Several Indian diaspora groups held a ‘We stand by the High Commission of India’ demonstration outside India House in London yesterday, following vandalism by Khalistan extremists. Indian High Commissioner to the UK Vikram Doraiswami hosted a diaspora briefing and addressed the concerns of community leaders. In Delhi, the Modi government has ‘retaliated’ against Britain by withdrawing police protection from British diplomatic buildings.
Trouble continues elsewhere. An event in British Columbia scheduled to be attended by the Indian envoy to Canada had to be cancelled after a violent protest by Khalistan supporters, Global News, the news and current affairs division of the Canadian Global Television Network, reported.
The Credit Suisse crisis will change the way well-off Indians see international wealth managers, a firm backed by Liechtenstein’s royal family told Bloomberg yesterday. Rajesh Cheruvu, chief investment officer and managing director at LGT Wealth India Private Ltd, said in the past 15 years, many multinational financial institutions have come and gone from Indian markets, and this latest incident is making wealthy investors nervous.
There is disturbing news from Gujarat. In two incidents, migrant workers, one from Nepal and another from Chhattisgarh, were lynched by locals, who “mistook them for thieves.” They were brutally thrashed by frenzied mobs.
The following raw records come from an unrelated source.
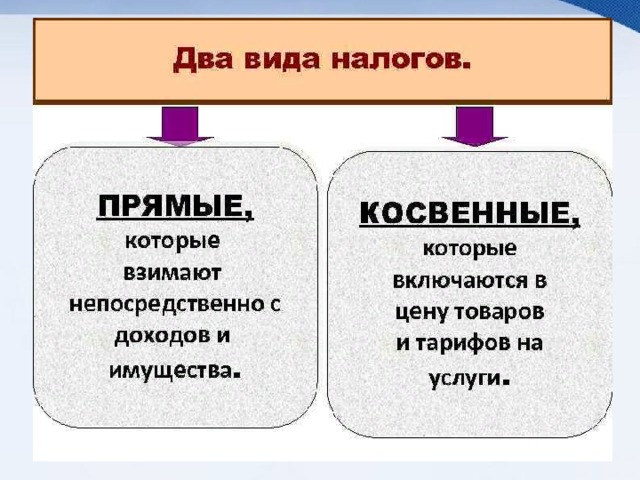 Виды налогов картинки для презентации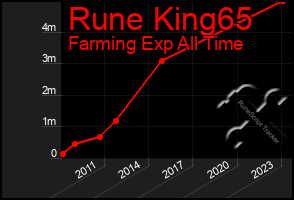 Total Graph of Rune King65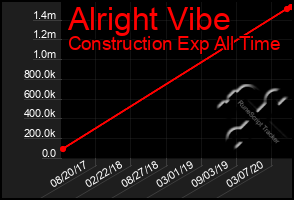 Total Graph of Alright Vibe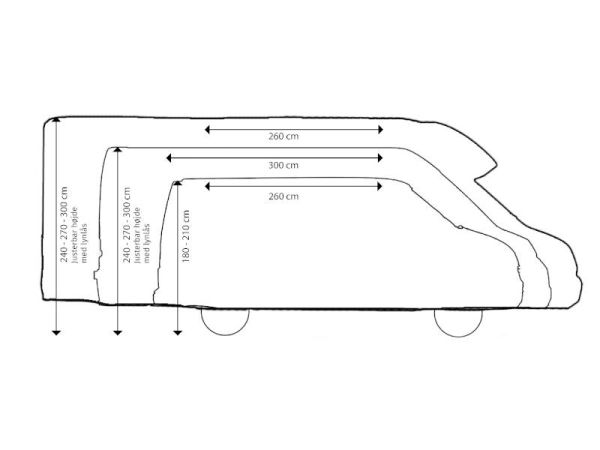 Ihre 2. Chance Telta – Core Drive away 260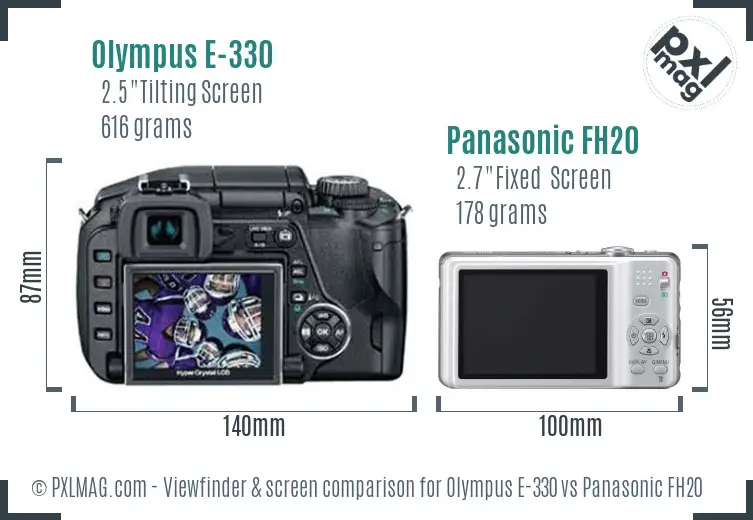 Olympus E-330 vs Panasonic FH20 Screen and Viewfinder comparison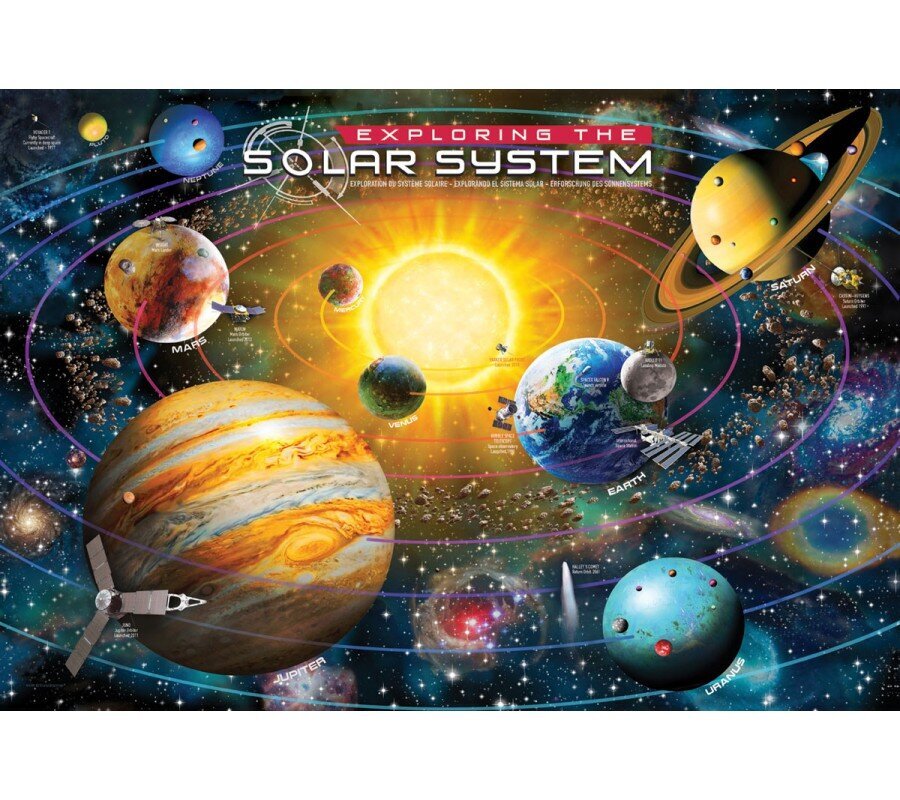 Palapeli Eurographics, 6200-5486, Exploring the Solar System, 200 kpl hinta ja tiedot | Palapelit | hobbyhall.fi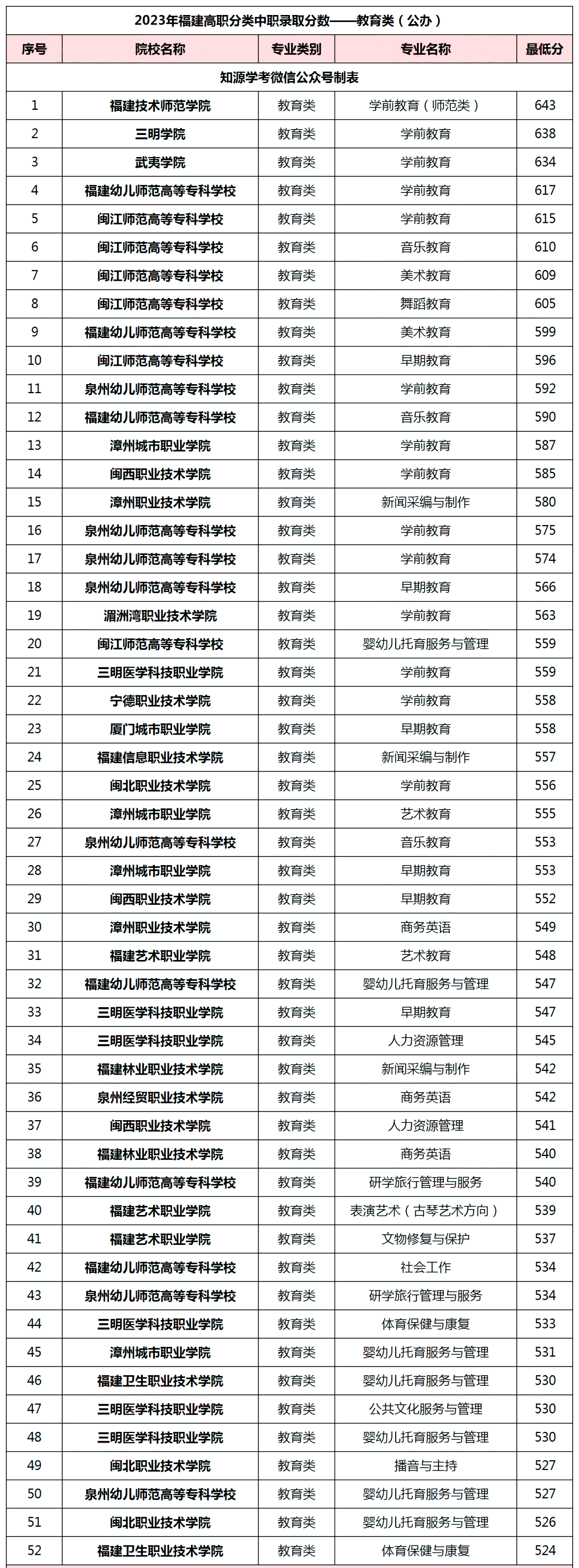 2024年福建高職分類教育類專業推薦！附最新錄取數據！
Hours after the Home Ministry approved the Delhi government’s budget, Chief Minister Arvind Kejriwal called PM Narendra Modi his “elder brother” and said he wants to work with the Centre. Kejriwal said he is “tired of fighting”.
Embarrassed after Interpol revoked the Red Corner notice against fugitive diamond-wallah Mehul Choksi, the CBI has asked the Commission for the Control of Interpol’s Files for its restoration. Choksi is wanted for a Rs 13,000 crore fraud involving Punjab National Bank, and Interpol had moved against him in 2018 at the request of the CBI and the Enforcement Directorate.
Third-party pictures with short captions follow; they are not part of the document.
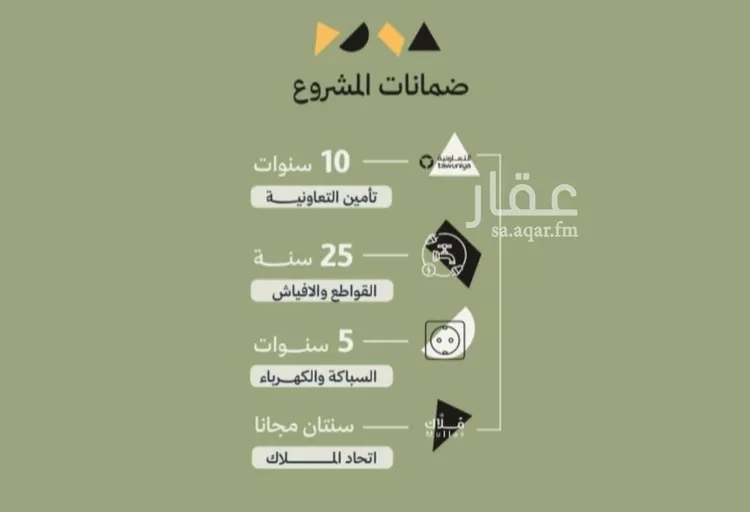 شقة للبيع في شارع 564, حي أبحر الجنوبية, مدينة جدة, منطقة مكة المكرمة 11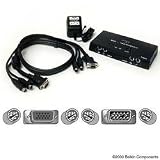Belkin F1D201 2-Port Omniview Reverse Automatic KVM Switch for PS2 Mouse Only
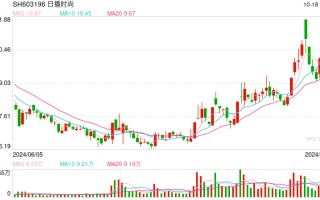 “女装大王”跨界重启，目标依旧是锂电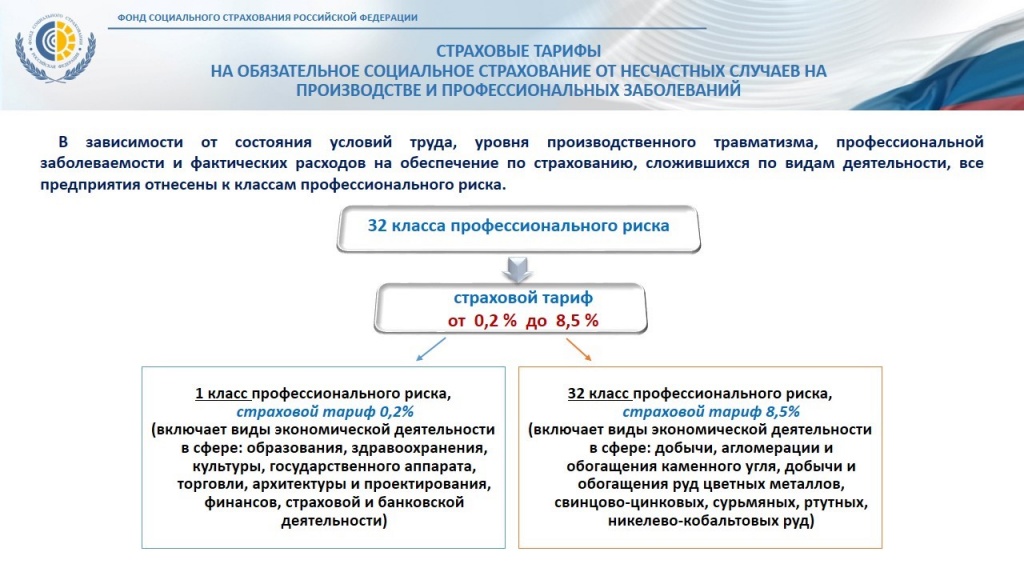 Карта социального страхования рб как получить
The Nehru Memorial Museum and Library has launched an ambitious project to “digitise the research material in its possession.” The goal is to ensure the digital conversion of the entire India House Collection of the Library, consisting of 40,000 books, reports, periodicals (of about 70,00,000 pages), 55,00,000 pages of archival documents, and 30,000 microfilms and 57,000 microfiches (consisting of approximately 2.5 crore images).
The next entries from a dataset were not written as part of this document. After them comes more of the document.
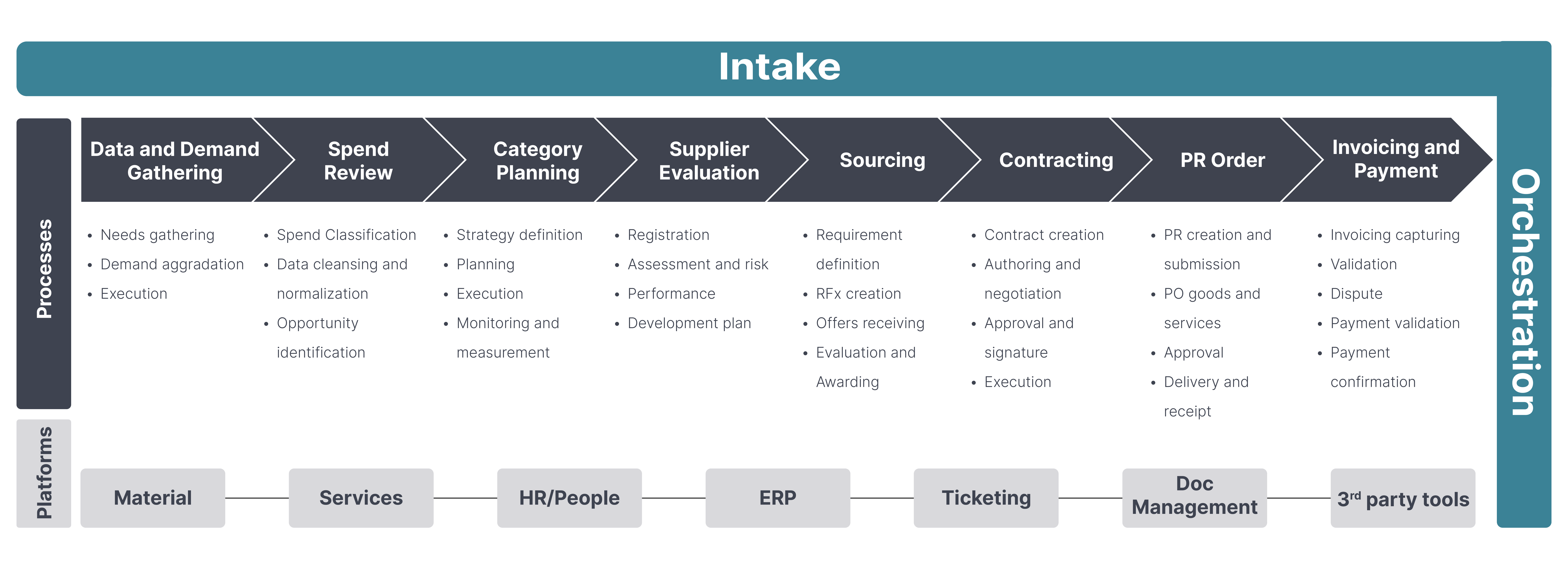 Intake and orchestration process connection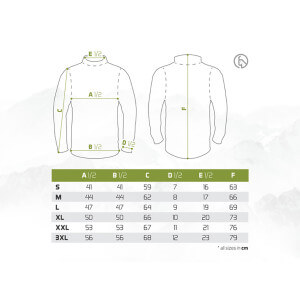 Obrázok 9 k Termo set DELPHIN Ixtera UltraX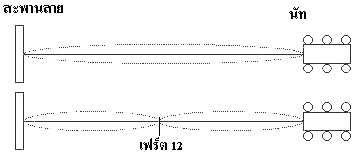 str-vb.gif (6854 bytes)
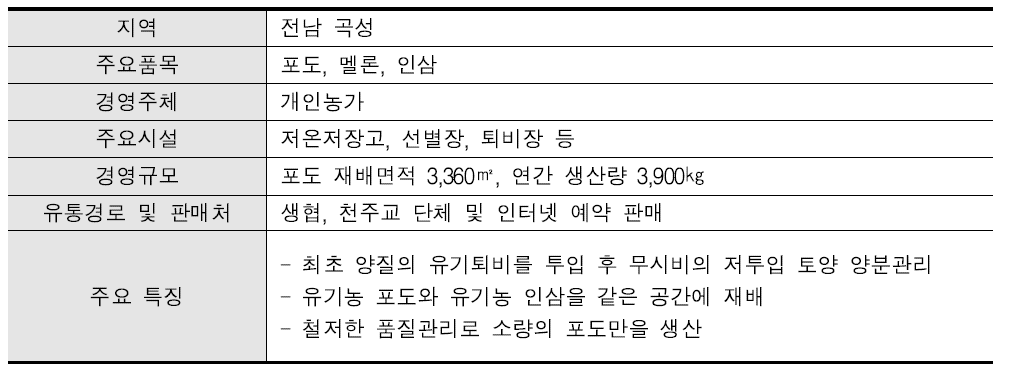 대한민국 0.1% 유기농포도 생산, 유기농포도 명인 농장의 개요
At the ICC’s quarterly meetings last weekend in Dubai, the BCCI is learnt to have assured the global body that visas for the Pakistan contingent to participate in the cricket World Cup will be cleared by the Indian government. The BCCI is headed by Jay Shah, whose daddy, Amit Shah, heads the Union Home Ministry which takes all decisions on visas for Pakistanis.
Actor Ranveer Singh emerged as the most valued celebrity of 2022 with a brand value of $181.7 million, ending cricketer Virat Kohli’s reign of five years in the top spot, according to Kroll’s latest Celebrity Brand Valuation Report. Kohli secured the second rank with a brand value of $176.9 million, and Akshay Kumar held steady in third position with a brand value of $153.6 million. Alia Bhatt retained the fourth spot and the title of the most valued female celebrity with a valuation of $102.9 million. Deepika Padukone rejoined the league of the top five most valued celebs, with a brand valuation of $82.9 million.